IT has been billed “the book that revolutionised Catalonia” and whether or not that’s the case Operació Urnes (Ballot Operation) has been on the best-seller lists in the wealthy, north-eastern Spanish state since Christmas.

The book, written by Laia Vicenç and Xavi Tedó, journalists from the Catalan newspaper ARA, chronicles the clandestine campaign to make sure the ballot boxes for the October 1 independence referendum – which Spain declared illegal – were safely delivered to more than 2000 polling stations.

Tedó and Vicenç had extensive access to the mastermind of the operation – who went by the name Lluís – but his and the names of others have not been revealed; they used only the Telegram or Signal messaging systems to communicate, and no recordings were made. Interviews were written into notebooks.

Vicenç told The National about some of the problems they faced: “The Spanish government forbade the referendum, so people self-organised to get ahead with the vote. They used clandestine methods, like Telegram or Signal, which conditioned us, because people didn’t want to expose themselves and asked to do the interviews in person and not record.

“We only took notes in a notebook. Another complication was looking for people from different towns in Catalonia who had been involved in the operation, so the story had a territorial balance.

“The search for the people was not so difficult: people met us and took us to the others ... The most difficult was when we had to write the book, because we had only one month, and we did not stop working in the politics section of ARA, in one of the most politically intense months of recent decades.”

The book has been well-received – how do you and Tedó view the reaction to it?

“We are very happy. We could guess that there was a lot of interest in this topic, but even in our wildest dreams we did not think that Operació Urnes would be so successful. We think that it has done so well (38,000 books sold and 17 weeks in Catalan charts) because the referendum is the only victory of the independence movement.

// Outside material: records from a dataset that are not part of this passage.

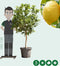 Zure citroen boom Citrus limon h 150 cm st. omtrek 25 cm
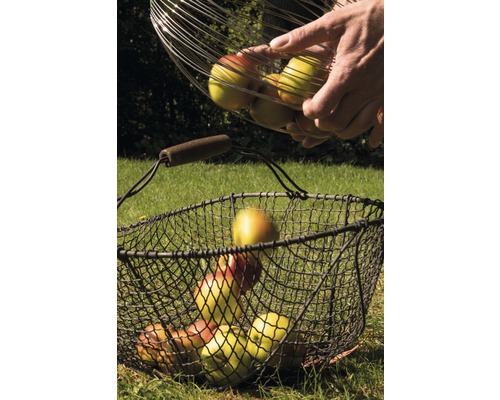 Sklizeň jablek s drátěnými koši na louce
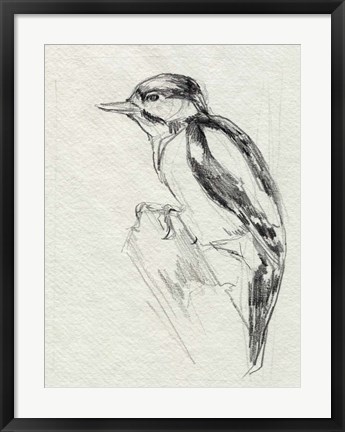 Framed Woodpecker Sketch I Print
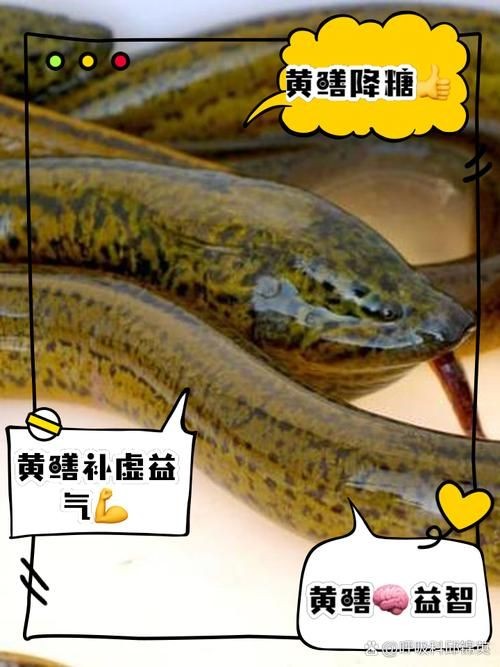 和尚魚和黃鱔圖片對(duì)比，和尚魚VS黃鱔高清圖鑒，外形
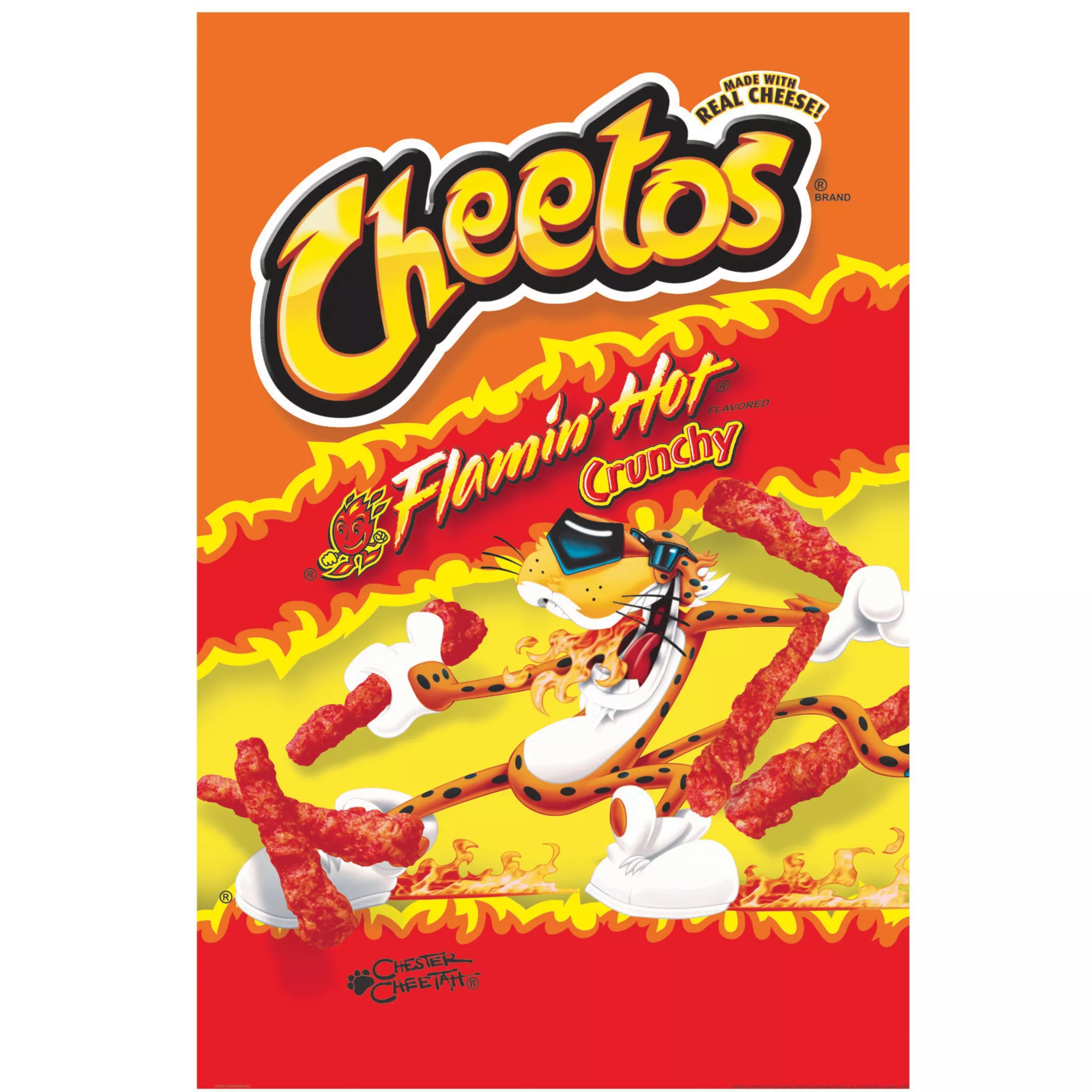 Flamin' Hot Cheetos Poster at Spencer's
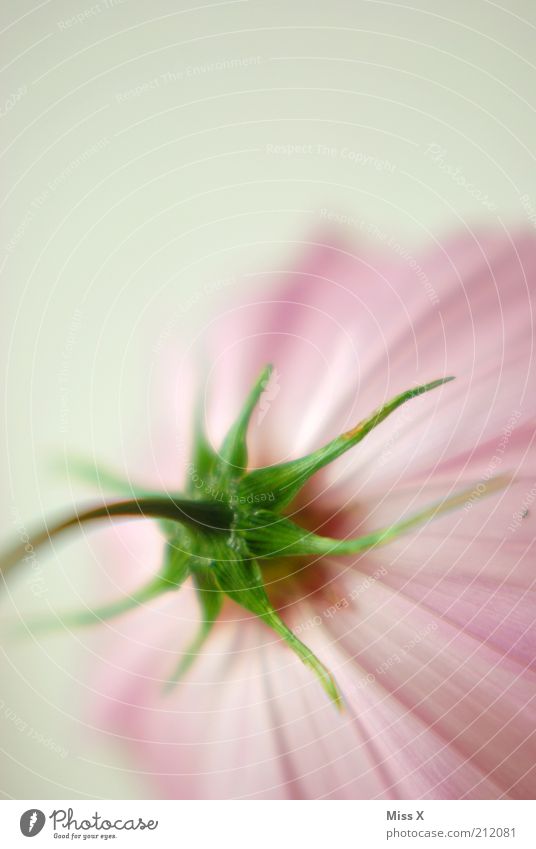 Cosmea III Pflanze Blume Blüte Blühend Duft ästhetisch hell Stimmung rein Schmuckkörbchen Blumenstengel Stengel Blütenblatt zart zerbrechlich Farbfoto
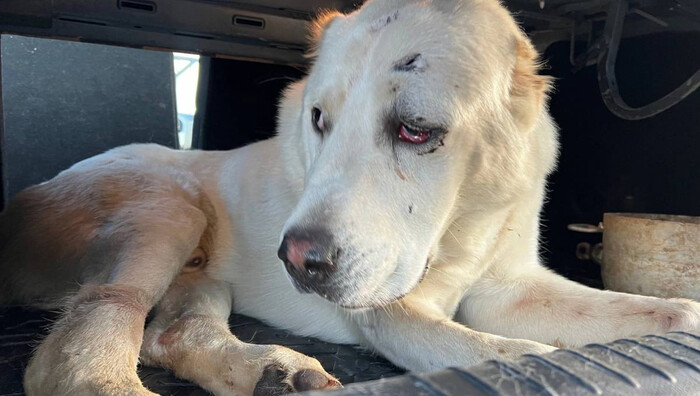 Фото: ТИА новости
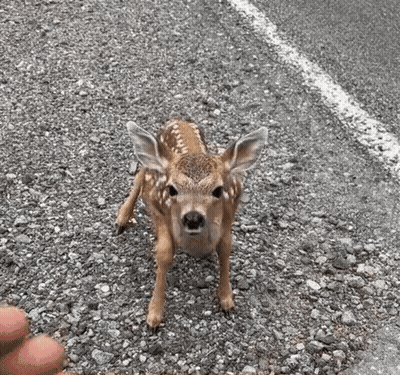 A Baby Deer Is Standing On The Side Of A Road Next To A Person 'S Finger . GIF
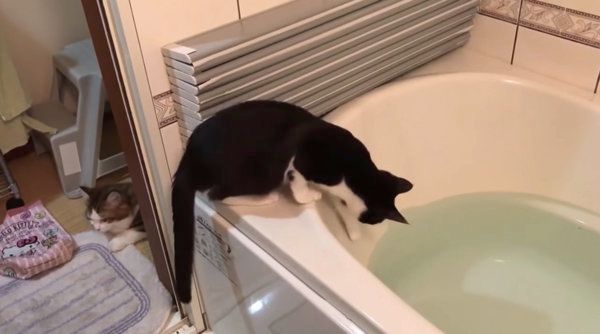お風呂で遊ぶ猫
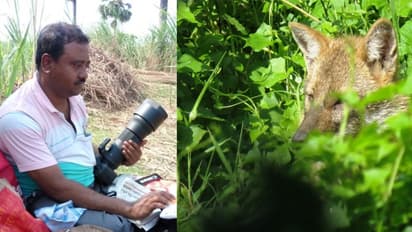 10 വര്ഷം കൊണ്ട് ഒരു കാട് തന്നെ നിര്മ്മിച്ച മനുഷ്യന്; ഇതുവരെ നട്ടത് 25,000 മരങ്ങള്..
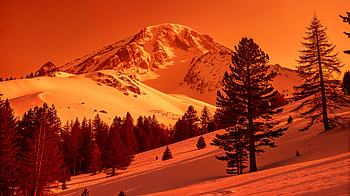 Majestic Snowy Mountain - Ultra, Snowy Mountain, mountain, snow, tree HD wallpaper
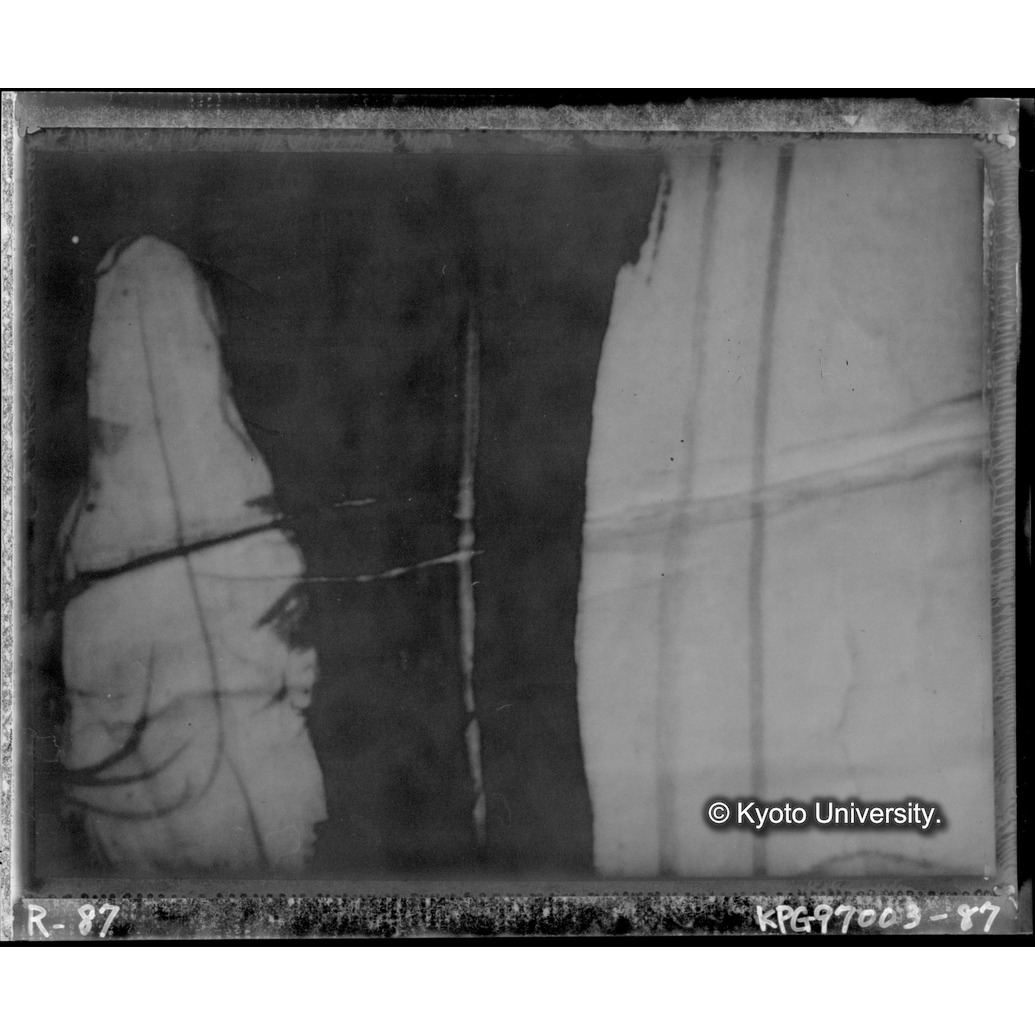 赤外線テレビ撮影画像写真（中央上段） (1)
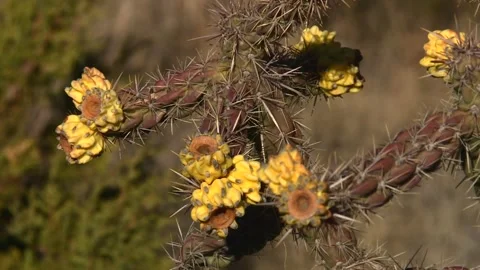 Flowering cholla cactus with sharp spines and clusters of yellow blooms growing Stock Footage 336749648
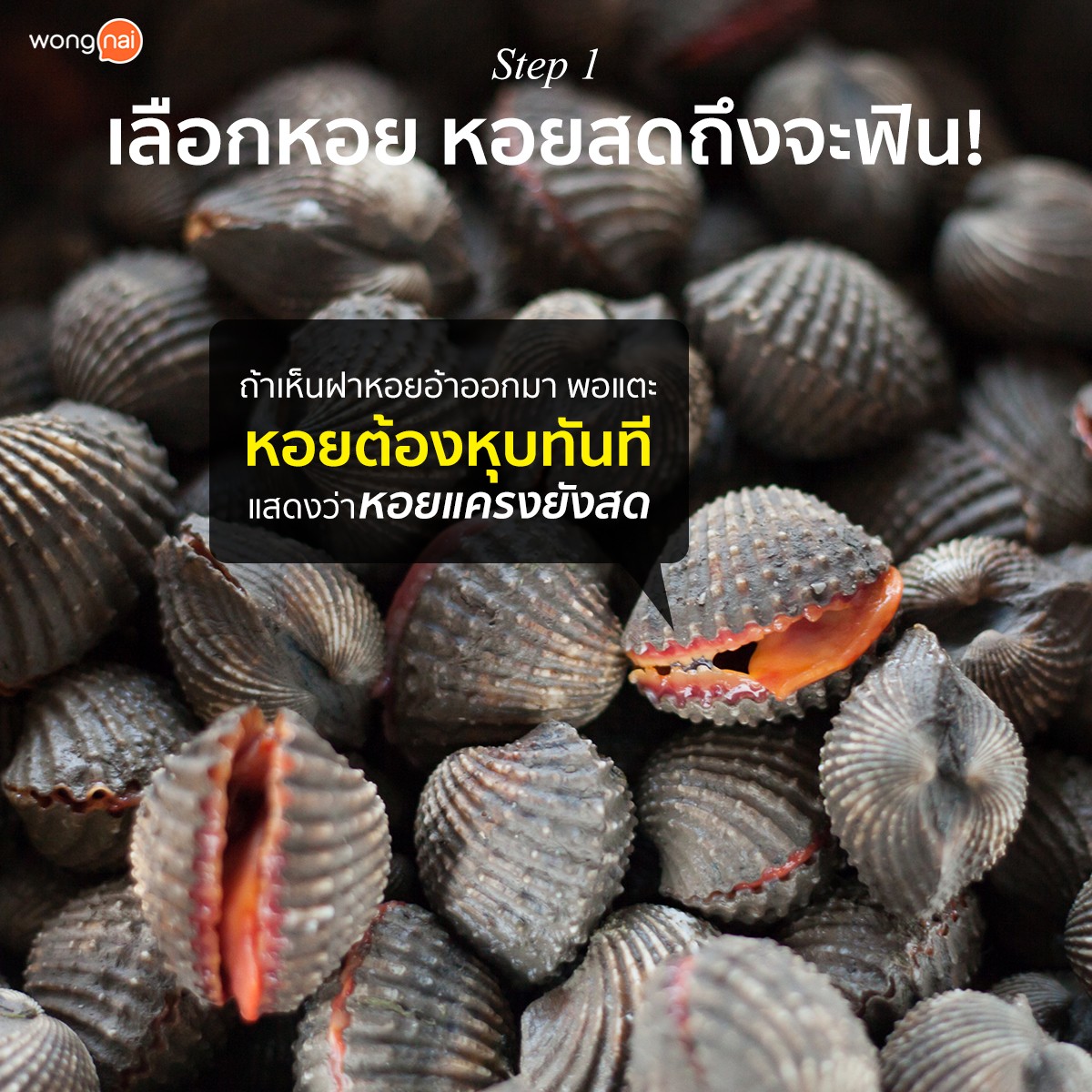 หอยแครง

“People ‘cling’ to this day to face the bad news of the recent months, such as the imprisonment of political leaders.”

What has been your experience of violence and intimidation by police?

“It was a disproportionate performance by the Guardia Civil and the Policía Nacional, as shown by the almost 1000 wounded. The Spanish government said the forces of the state fulfilled a judicial order, but ... I think they had to demonstrate in some way that it was trying to avoid the referendum, even by force.

“Since that day, nothing has been the same again, and there are many Catalans who have felt despised and insulted by the police, who are supposed to protect society. There are politicians who are not independentists who have recognised that police brutality will forever mark a before and after in the relationship between Catalonia and Spain, and that Rajoy broke all emotional ties with the Catalans.

“The violence by the forces of the state encouraged non-independentists to go to vote.”

In the foreword to the book, the authors say the “army of invisibles”, working underground, made the impossible possible – and they add: “Operació Urnes is, then, a tribute to all those anonymous heroes who collaborated because the referendum summoned by the government of the Generalitat, was the most important political event of the last decades in Catalonia, and they made it possible.”